Gadir Sayfası

 

 

Ana Sayfa

Hz. Ali'den Nakledilen Hadisler

 

Tercüme: Metin Gülbol

 

HZ.ALİ’NİN, OĞLU HZ.HÜSEYİN İLE ÖVÜNME YARIŞMASI 

 

Süleyman bin Mihran’dan, o da Cabir’den, o da Mücahit’ten, Abdullah bin Abbas’tan naklen, Resulullah (saa) şöyle buyurdu: Göğe yükseldiğimde Cennetin kapısına şöyle yazılı olduğunu gördüm: Allah’tan başka ilah yoktur, Muhammed Allah’ın Resulüdür, Ali Allah’ın velisidir, Hasan ve Hüseyn Resulullah’ın torunlarıdır, Fatımat’üz Zehra Allah’ın safvetidir, bunları inkar eden ve onlara buğz edene (kin güdene) Allah’ın laneti olsun. "Bir gün Resulullah (s.a.a) oturmuştu ve yanında da İmam Ali bin Ebi Talib (a.s) bulunuyordu. O sıra Hz. Hüseyin içeriye girdi. Resulullah  (s.a.a) onu yanına oturtarak iki gözünün  arasını ve dudaklarını öptü. Hz. Hüseyin o sıralar altı yaşındaydı. Hz. Ali Resulullah'a dönerek ona şöyle bir soru sordu: "Ey Resulullah, oğlum Hüseyn'i seviyor musun?" Allah Resulü buyurdu: "Nasıl sevmem, oysa o benim vücudumdan bir parçadır." Hz.
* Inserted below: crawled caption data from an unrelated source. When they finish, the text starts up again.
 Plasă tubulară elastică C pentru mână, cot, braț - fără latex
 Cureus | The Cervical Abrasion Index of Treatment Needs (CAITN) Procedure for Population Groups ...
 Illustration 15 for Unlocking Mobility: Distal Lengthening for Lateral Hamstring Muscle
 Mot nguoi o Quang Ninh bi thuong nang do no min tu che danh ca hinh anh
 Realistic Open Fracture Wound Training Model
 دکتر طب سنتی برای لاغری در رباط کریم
Ali (a.s) arz etti: "Ey Resulullah, hangimizi daha çok seviyorsun, beni mi, Hüseyni mi?" Hz. Hüseyin araya girerek şöyle dedi: "Babacığım kimin şeref ve fazileti daha yüce olursa, onu daha çok sever ve makamı ona daha yakın olur." Hz. Ali oğluna hitaben şöyle dedi: "Ey Hüseyn benimle fazilet yarışmasına girer misin?" Hz. Hüseyn de "Evet babacığım, eğer istiyorsan!" diye cevap verince Hz. Ali ona şöyle buyurdu: "Ey Hüseyn,

ben Müminlerin Emiri’yim;

ben sadıkların diliyim,

ben (Muhammed) Mustafâ'nın veziriyim;

ben Allah'ın ilminin hazinedarı ve insanlar arasından seçtiği kimseyim;

ben cennete en önce gidenlerin öncüsüyüm;

ben Resulullah'ın borcunu ödeyecek kimseyim;

ben o kimseyik ki amcası cennette efendidir,

ben o kimseyim ki cennette meleklerle birlikte uçar...
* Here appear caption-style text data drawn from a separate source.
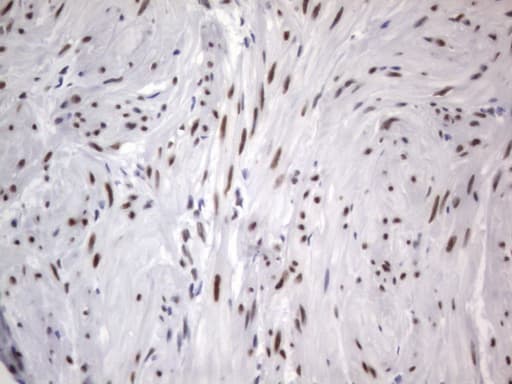 RBFOX1 / A2BP1 Antibody (aa1-210, clone OTI4F9)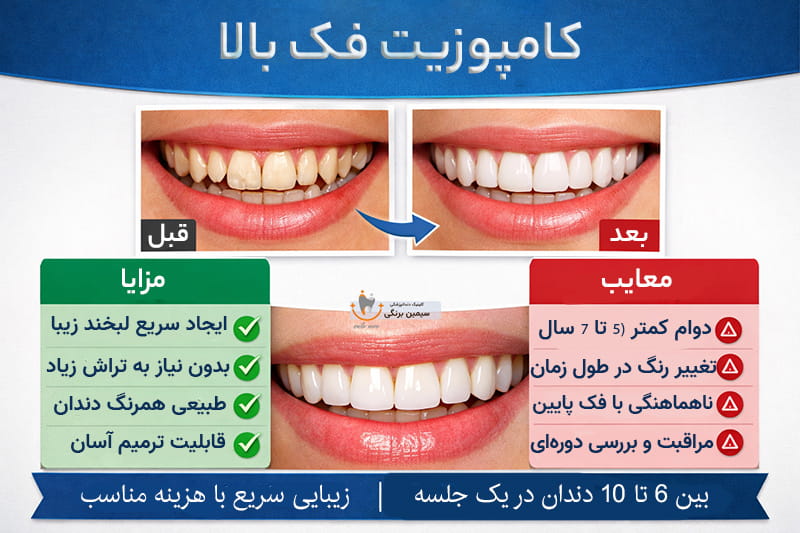 کامپوزیت فک بالا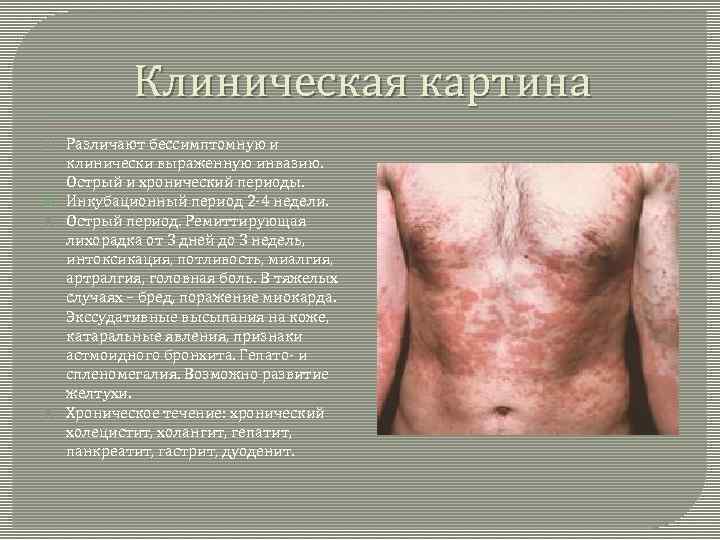 Клиническая картина Различают бессимптомную и клинически выраженную инвазию. Острый и хронический периоды. Инкубационный период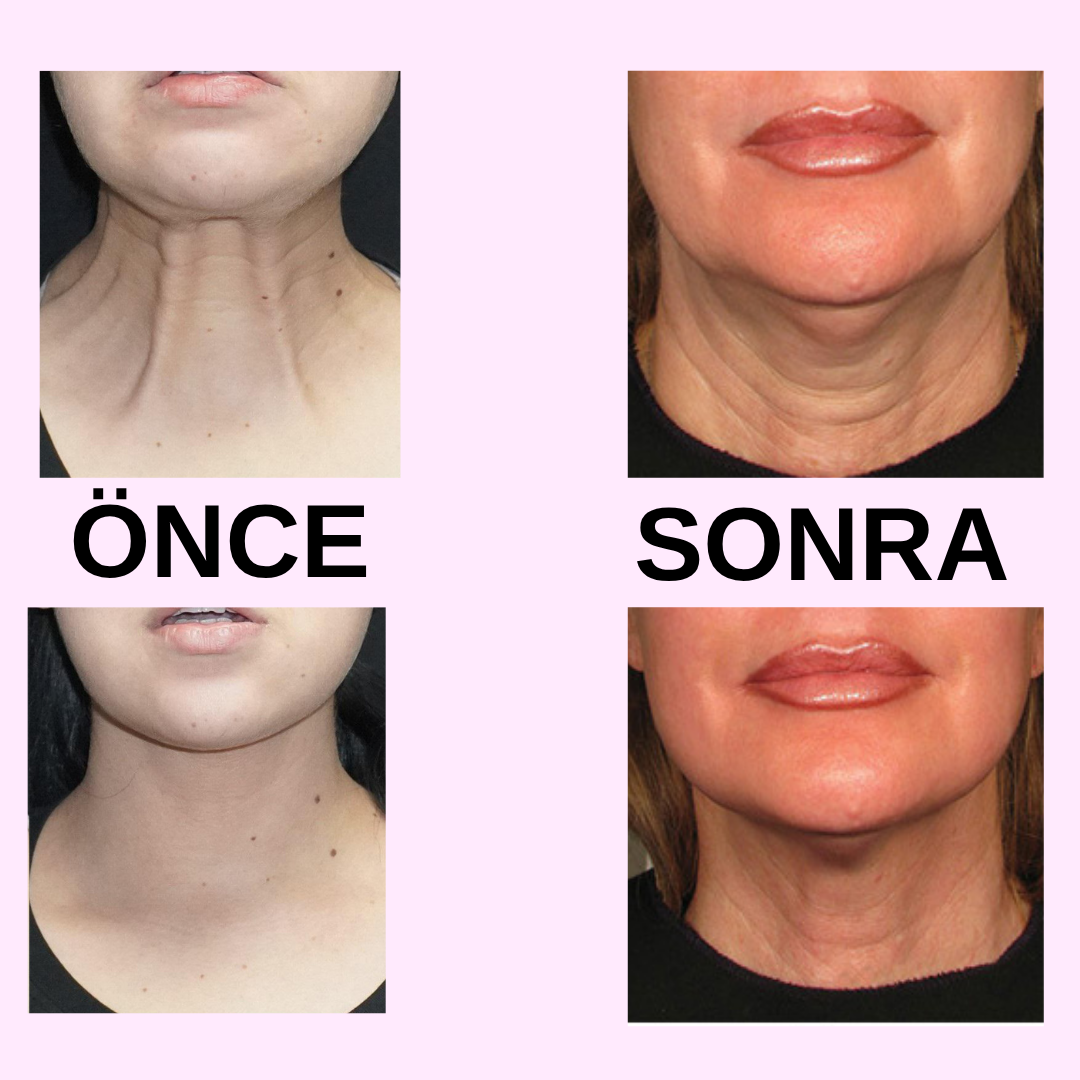 Amoria Gold Hals-Kollagenmaske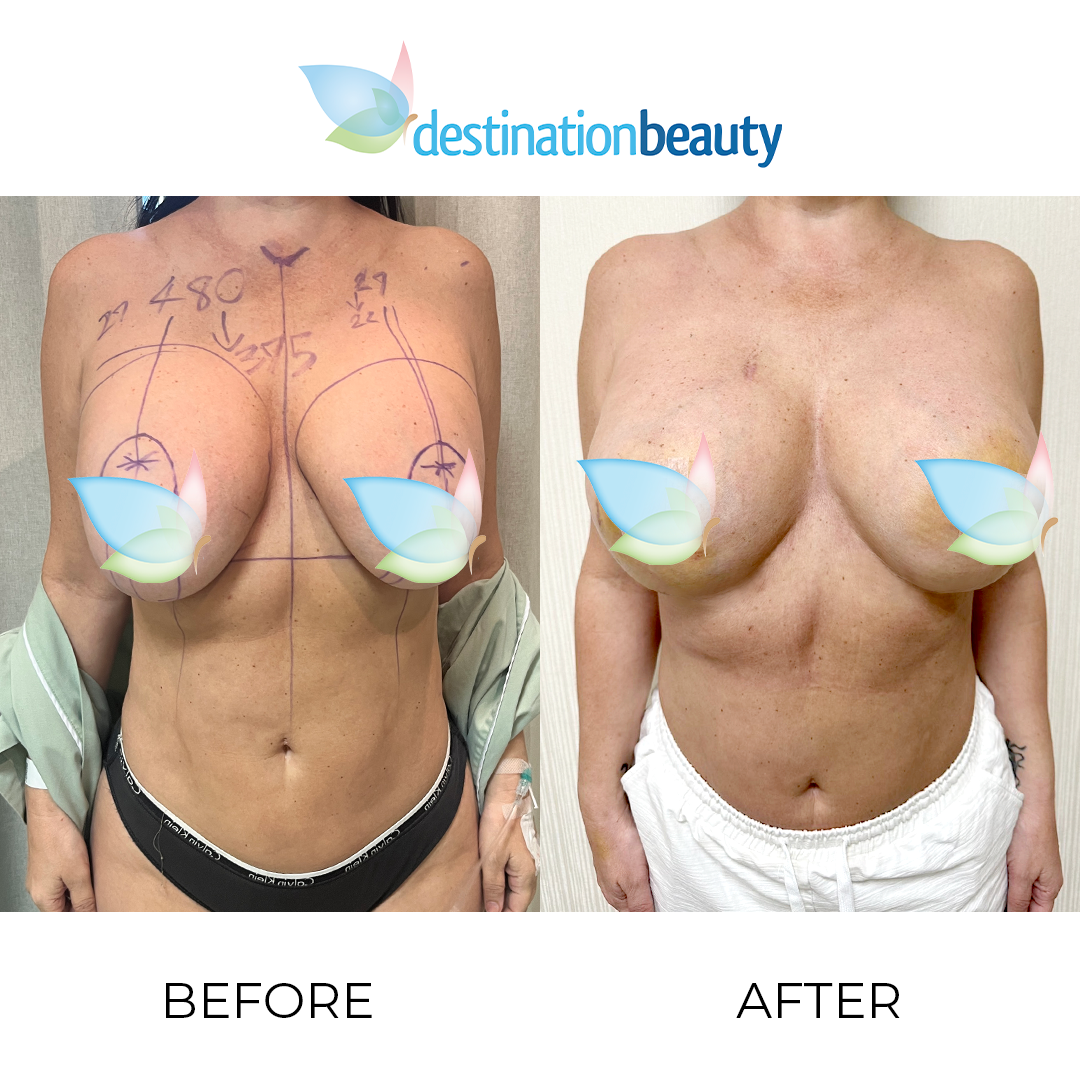 Felicia before and after breast augmentation revision with breast lift (3)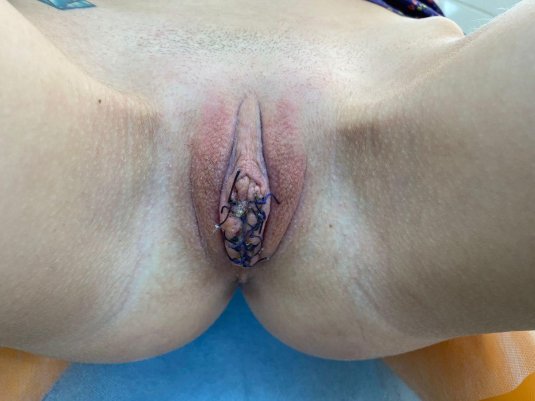 Клоп водомерка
Ben Resul’ün kadısıyım...Ben tenzil (Tevbe)  süresini Allah-u Teala’nın emriyle Mekke ehline taşıyanım.

Ben Allah’ın kulları içinde seçtiği kimseyim.

Ben Allah'ın "Allah'ın ipine topluca sarılın"(Ali İmran 103) buyruğuyla kullarına tutunmalarını emrettiği onun kopmaz ipiyim.

Ben Allah'ın parlayan yıldızıyım.

Ben gök meleklerinin kendisini ziyaret ettiği kimseyim.

Ben Allah'ın konuşan diliyim(1) 

Ben Allah-u Teala'nın yaratıklarına olan hüccetiyim.

Ben Allah'ın güçlü eliyim.

Ben Allah-u Teala'nın göklerdeki yüzüyüm.

Ben Allah’ın zahir olan tarafı (yanı)yım(Zümer 56.Ayete işaret).

Ben o kimseyim ki hakkımda Allah-u Teala şöyle buyurmuştur: "… Onlar kadirleri yüceltilmiş kullardır. Onlar Allah'ın sözünün önüne geçmezler, hep O'nun emriyle hareket ederler." (Enbiya, 26-27)

Ben Allah'ın asla kopmayan sağlam kulpuyum. Allah duyandır, bilendir. (Bakara 256. Ayete işaret) 

Ben Allah'ın girilmesi gereken kapısıyım.

Ben Allah'ın sırat üzerindeki sancağıyım.

Ben Allah'ın eviyim, kim ona geçerse emanda olur; kim benim velayetime ve sevgime tutunursa, cehennemden emanda olur.

Ben ahdi bozanlarla (Cemel ehli olan Ayşe, Talha, Zübeyr ve askerleri) adaletten sapıp zulmedenlerle (Muâviye ve yandaşları) ve dinden çıkanlarla (haricilerle) savaşacak kimseyim.

Ben kafirleri öldürenim.

Ben yetimlerin babasıyım,

ben yaşlı kadınların sığınağıyım.

Ben o kimseyim ki kıyamet günü velayetimden birbirlerine soracaklar.(Nebe 1.Ayete işaret) Allah buyuruyor ki:  “O gün nimetlerden sorulacaksınız” (Tekasür 8)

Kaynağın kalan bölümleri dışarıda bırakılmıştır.